- [Extracted material]:
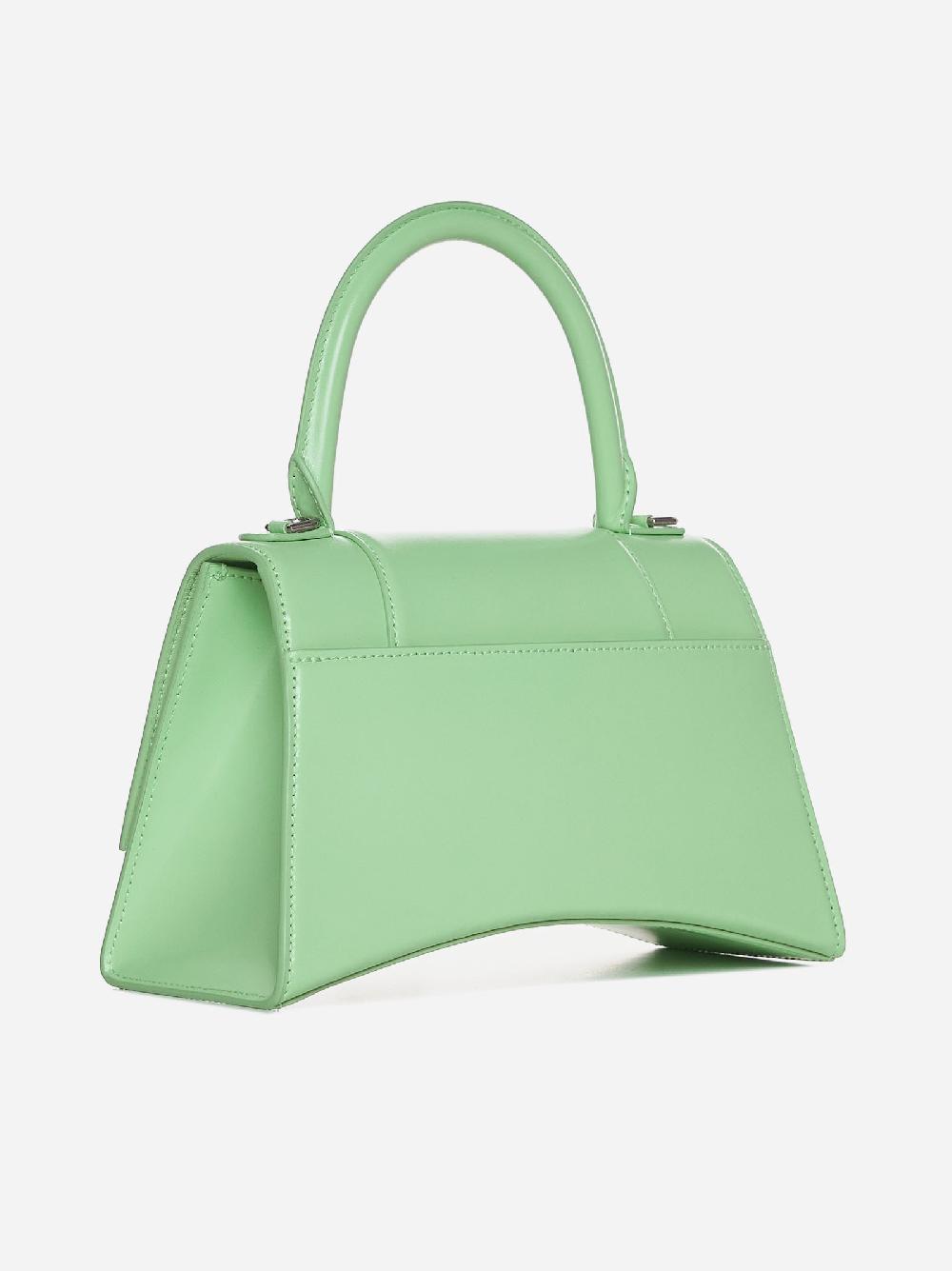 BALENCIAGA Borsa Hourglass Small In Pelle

==

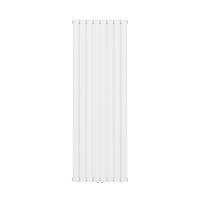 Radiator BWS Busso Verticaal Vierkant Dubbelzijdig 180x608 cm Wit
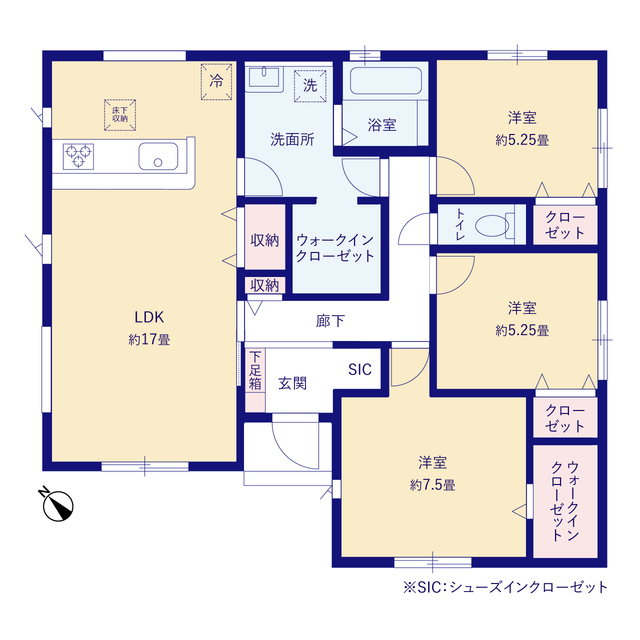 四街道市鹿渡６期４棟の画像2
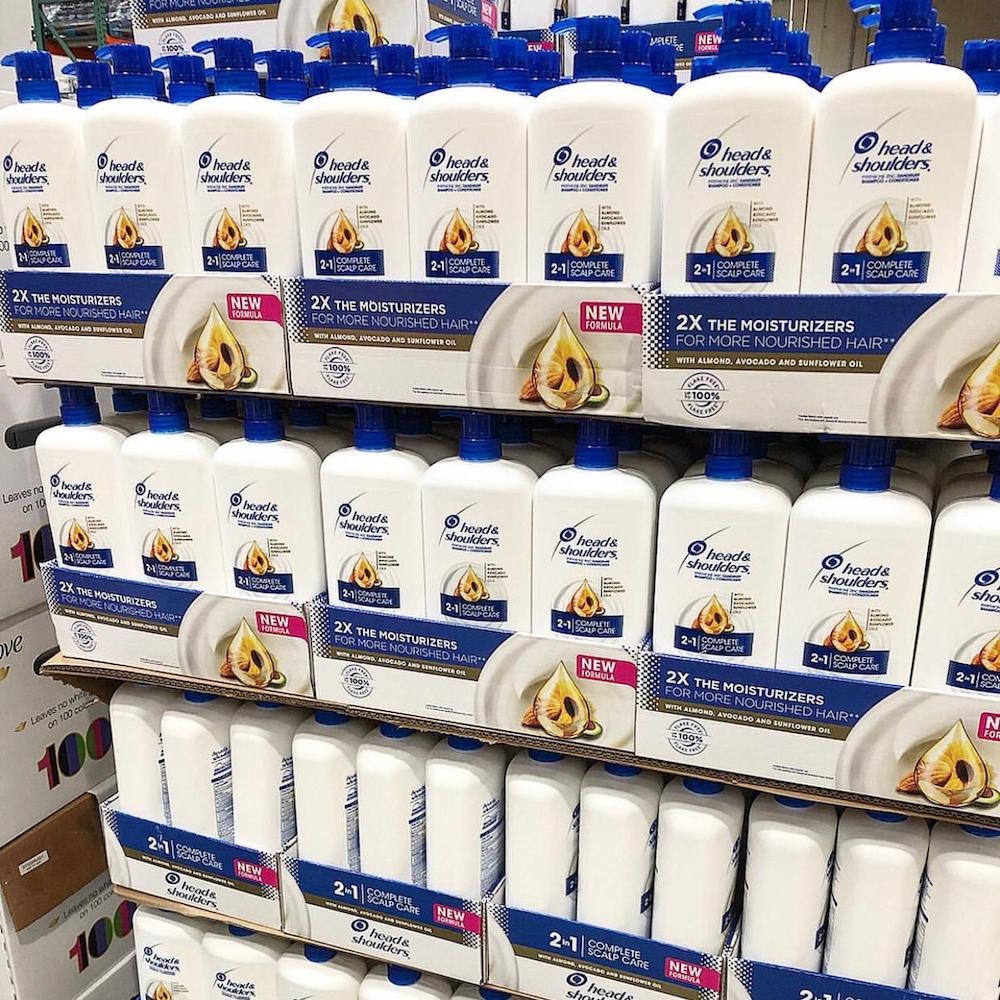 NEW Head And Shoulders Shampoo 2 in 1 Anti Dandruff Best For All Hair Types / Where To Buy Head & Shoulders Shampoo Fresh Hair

- [What you need to do]: Using the records above, print exactly the lines between the ones containing "Radiator BWS Busso" and "NEW Head And", inclusive, and nothing else; no pictures.

- [Exercise response]:
 Radiator BWS Busso Verticaal Vierkant Dubbelzijdig 180x608 cm Wit
 四街道市鹿渡６期４棟の画像2
 NEW Head And Shoulders Shampoo 2 in 1 Anti Dandruff Best For All Hair Types / Where To Buy Head & Shoulders Shampoo Fresh Hair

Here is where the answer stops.